Provided records>

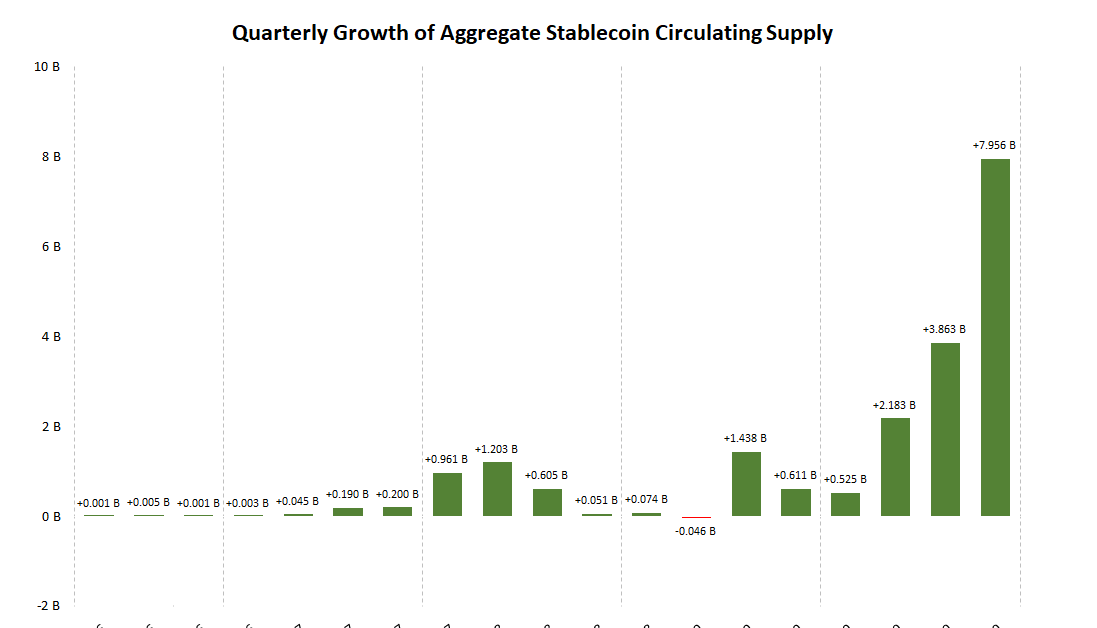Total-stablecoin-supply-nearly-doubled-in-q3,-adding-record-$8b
==
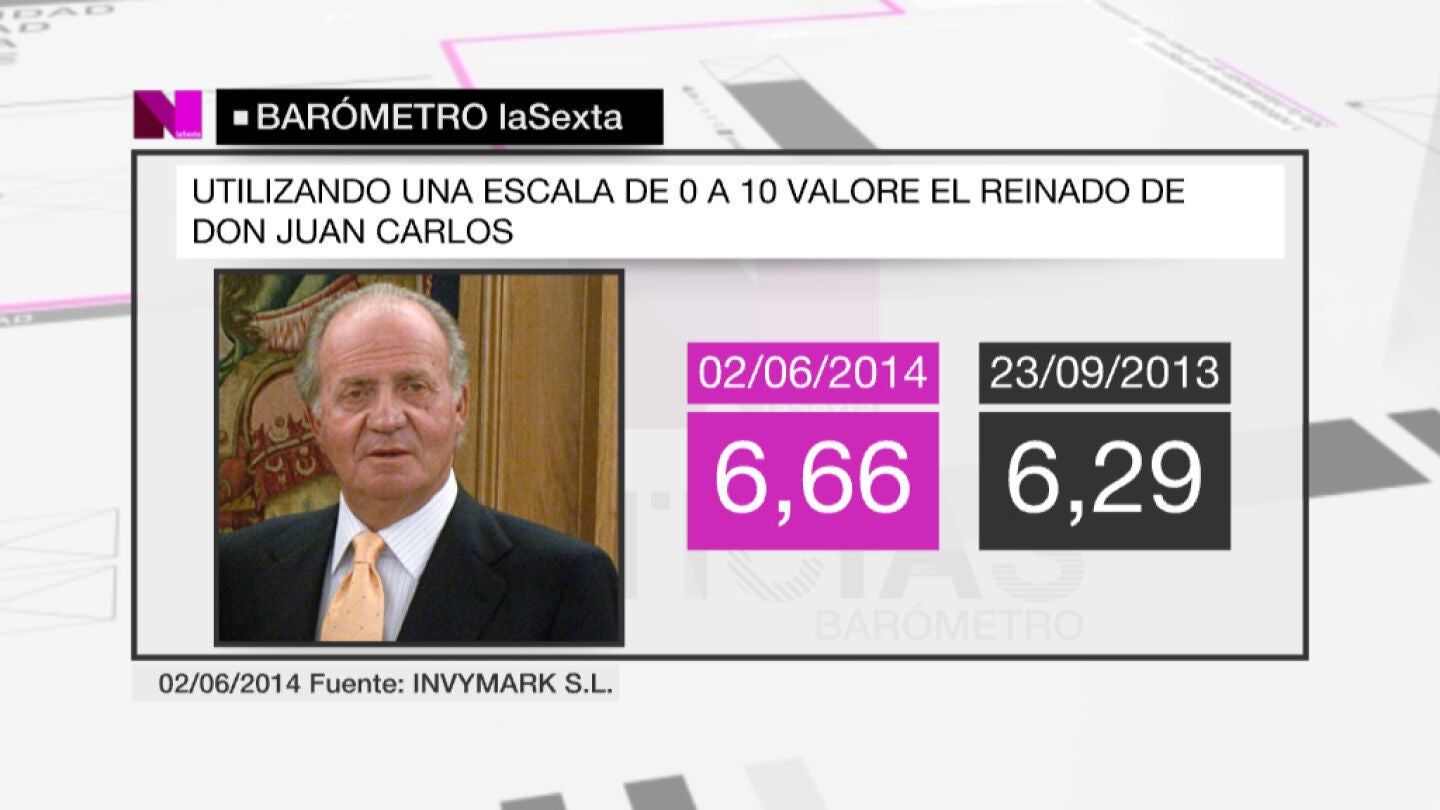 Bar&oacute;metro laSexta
* * *
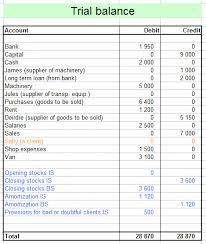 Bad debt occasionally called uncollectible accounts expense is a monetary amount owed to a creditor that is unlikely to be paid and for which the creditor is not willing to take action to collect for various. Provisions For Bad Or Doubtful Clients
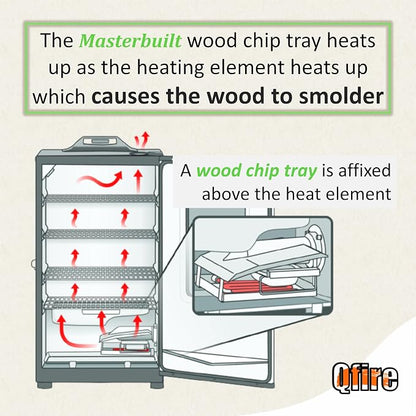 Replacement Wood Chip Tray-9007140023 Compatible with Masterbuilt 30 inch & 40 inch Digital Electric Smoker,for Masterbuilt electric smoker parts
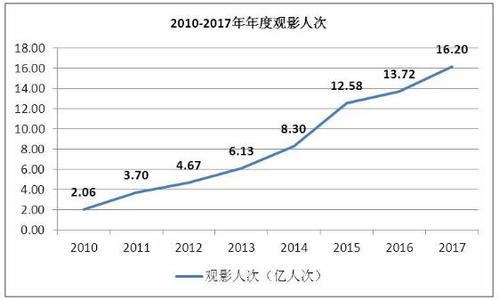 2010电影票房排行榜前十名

Your objective> Look above for the line with "Replacement Wood Chip" and the line with "2010电影票房排行榜前十名", then restate exactly those two lines and all lines between them, with no pictures.

Output of the exercise>
 Replacement Wood Chip Tray-9007140023 Compatible with Masterbuilt 30 inch & 40 inch Digital Electric Smoker,for Masterbuilt electric smoker parts
 2010电影票房排行榜前十名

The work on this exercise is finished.